Apakah isolasi internasional China membuatnya lebih sulit untuk bekerja sama dengan negara lain dalam mengembangkan kapasitas hijau?

Isolasi internasional China adalah peluang yang terlewatkan untuk kerja sama di bidang iklim serta pandemi dan masalah lainnya. Sayangnya, terlepas dari keinginan beberapa pihak untuk memisahkan dan mengkotak-kotakkan masalah iklim sebagai salah satu yang dicadangkan untuk kerja sama, China bersikeras untuk mengikat kerja sama iklim dengan meningkatkan hubungan pada isu-isu lain. Sebagai negara adidaya yang baru muncul, Cina dapat menjadi sangat berduri setiap kali ada persepsi tidak hormat, bahkan ketika itu akan sangat menguntungkan mereka untuk bekerja sama dalam informasi proyek, pertukaran teknis dan ilmiah, dialog kebijakan, dan sebagainya. Bahkan negosiator berpengalaman seperti Xie Zhenhua dan John Kerry tampaknya tidak mampu membuat banyak kemajuan dalam inisiatif iklim bersama.

Apa pendapat Anda tentang komitmen China pada bulan September untuk tidak membangun pembangkit listrik tenaga batu bara baru di sepanjang Sabuk dan Jalan?

Komitmen China untuk berhenti membangun pembangkit listrik tenaga batu bara di Belt and Road adalah salah satu dari sedikit cahaya terang di lanskap gelap saat ini. Pengumuman tersebut menunjukkan bahwa China setidaknya agak menerima opini internasional yang konstruktif, terutama ketika diartikulasikan melalui badan-badan global seperti badan-badan PBB dan badan-badan konsultatif dari para penasihat internasional terpilih.

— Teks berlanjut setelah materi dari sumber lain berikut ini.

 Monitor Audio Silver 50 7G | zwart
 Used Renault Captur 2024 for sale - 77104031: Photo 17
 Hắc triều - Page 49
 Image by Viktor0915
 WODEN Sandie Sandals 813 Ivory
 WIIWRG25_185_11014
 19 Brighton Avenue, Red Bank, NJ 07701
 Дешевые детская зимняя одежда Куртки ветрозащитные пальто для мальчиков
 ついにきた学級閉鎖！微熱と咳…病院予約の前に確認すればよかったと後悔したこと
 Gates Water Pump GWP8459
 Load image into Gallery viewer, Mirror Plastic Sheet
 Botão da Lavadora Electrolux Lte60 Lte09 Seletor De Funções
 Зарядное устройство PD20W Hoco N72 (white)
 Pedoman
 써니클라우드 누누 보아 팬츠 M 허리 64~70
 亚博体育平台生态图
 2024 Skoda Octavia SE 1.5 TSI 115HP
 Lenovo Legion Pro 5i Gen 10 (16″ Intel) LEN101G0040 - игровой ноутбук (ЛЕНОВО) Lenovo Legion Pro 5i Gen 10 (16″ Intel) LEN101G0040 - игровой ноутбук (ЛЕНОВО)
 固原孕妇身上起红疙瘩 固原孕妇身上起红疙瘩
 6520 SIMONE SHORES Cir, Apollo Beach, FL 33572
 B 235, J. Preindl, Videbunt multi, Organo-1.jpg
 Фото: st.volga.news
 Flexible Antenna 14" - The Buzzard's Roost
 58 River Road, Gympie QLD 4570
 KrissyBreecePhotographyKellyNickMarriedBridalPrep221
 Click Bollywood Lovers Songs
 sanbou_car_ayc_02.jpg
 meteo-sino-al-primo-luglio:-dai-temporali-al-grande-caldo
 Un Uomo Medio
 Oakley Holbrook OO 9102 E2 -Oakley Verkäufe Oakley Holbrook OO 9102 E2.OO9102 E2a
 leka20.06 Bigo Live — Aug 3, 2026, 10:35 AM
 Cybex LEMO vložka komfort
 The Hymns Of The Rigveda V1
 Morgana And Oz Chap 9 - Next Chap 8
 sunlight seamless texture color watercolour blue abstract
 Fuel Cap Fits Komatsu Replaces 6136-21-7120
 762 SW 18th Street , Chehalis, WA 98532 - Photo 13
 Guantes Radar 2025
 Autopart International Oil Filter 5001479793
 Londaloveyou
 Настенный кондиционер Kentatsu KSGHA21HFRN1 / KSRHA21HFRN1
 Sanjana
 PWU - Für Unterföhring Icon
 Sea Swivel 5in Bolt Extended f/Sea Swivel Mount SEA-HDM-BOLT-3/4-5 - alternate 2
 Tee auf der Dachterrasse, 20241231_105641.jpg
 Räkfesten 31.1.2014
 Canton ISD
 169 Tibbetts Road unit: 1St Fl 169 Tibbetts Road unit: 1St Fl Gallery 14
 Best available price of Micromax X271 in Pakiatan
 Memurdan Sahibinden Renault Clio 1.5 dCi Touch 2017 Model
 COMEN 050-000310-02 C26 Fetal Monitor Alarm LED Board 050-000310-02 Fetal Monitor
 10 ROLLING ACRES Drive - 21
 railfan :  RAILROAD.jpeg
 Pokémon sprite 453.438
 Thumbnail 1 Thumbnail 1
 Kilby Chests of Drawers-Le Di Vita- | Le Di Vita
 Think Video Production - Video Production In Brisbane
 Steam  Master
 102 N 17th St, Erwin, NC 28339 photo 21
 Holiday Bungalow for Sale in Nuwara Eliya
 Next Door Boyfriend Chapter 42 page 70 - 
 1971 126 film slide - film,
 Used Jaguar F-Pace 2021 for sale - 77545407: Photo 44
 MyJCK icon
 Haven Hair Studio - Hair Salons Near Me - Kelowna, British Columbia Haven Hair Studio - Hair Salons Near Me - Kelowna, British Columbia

Pengumuman itu datang perlahan karena “pusat” Tiongkok tidak memiliki kendali sempurna atas sejumlah besar investor internasional, yang meliputi bank pembangunan Tiongkok, perusahaan milik negara, lembaga keuangan regional, dan modal swasta. Beberapa bulan yang lalu, Kementerian Ekologi dan Lingkungan mencoba mengeluarkan kartu skor untuk investasi internasional lampu hijau dan lampu merah, hanya untuk ditegur dengan tajam oleh investor yang berpendapat bahwa MEE melampaui mandatnya. Sejak itu, karena pusat tersebut telah memprioritaskan Peradaban Ekologis dan Xi Jinping menjelaskan bahwa tanggung jawab China meluas secara internasional maupun domestik, pusat tersebut telah mendapatkan penanganan yang lebih baik atas perilaku investor luar negerinya.

Menikmati artikel ini? Klik di sini untuk berlangganan untuk akses penuh. Hanya $5 per bulan.

Investasi asing China di masa lalu telah dipandu oleh prinsip-prinsip kerjasama bersama dan solusi pembangunan yang saling menguntungkan, dan para investor berpendapat bahwa mereka dipimpin oleh apa yang negara-negara penerima katakan mereka butuhkan. Pergeseran dari pembangkit listrik tenaga batu bara menunjukkan penyesuaian dalam prinsip ini, karena para kritikus telah mendorong China untuk menahan negara-negara penerima dengan standar keberlanjutan yang lebih tinggi, terutama karena China memiliki begitu banyak kapasitas dan keahlian dalam energi terbarukan. Tampaknya pesan ini sedang didengar.

Perhatian yang lebih besar adalah dampak lingkungan dari investasi infrastruktur Belt and Road di kereta api berkecepatan tinggi dan jalan raya, pelabuhan laut dalam, dan bendungan pembangkit listrik tenaga air besar. Intensifikasi perdagangan global melalui peningkatan infrastruktur dan konektivitas mungkin disambut baik oleh banyak negara berkembang, tetapi berdampak negatif pada keanekaragaman hayati, mata pencaharian lokal, dan lanskap serta percepatan emisi karbon dari transportasi. Secara khusus, ekstraksi sumber daya seperti kayu, perikanan, logam dan mineral, satwa liar, dan bahkan biji-bijian memiliki dampak besar pada komunitas lokal. Dalam fokus pada iklim, beberapa dari dampak ini kurang diperhatikan, tetapi signifikan.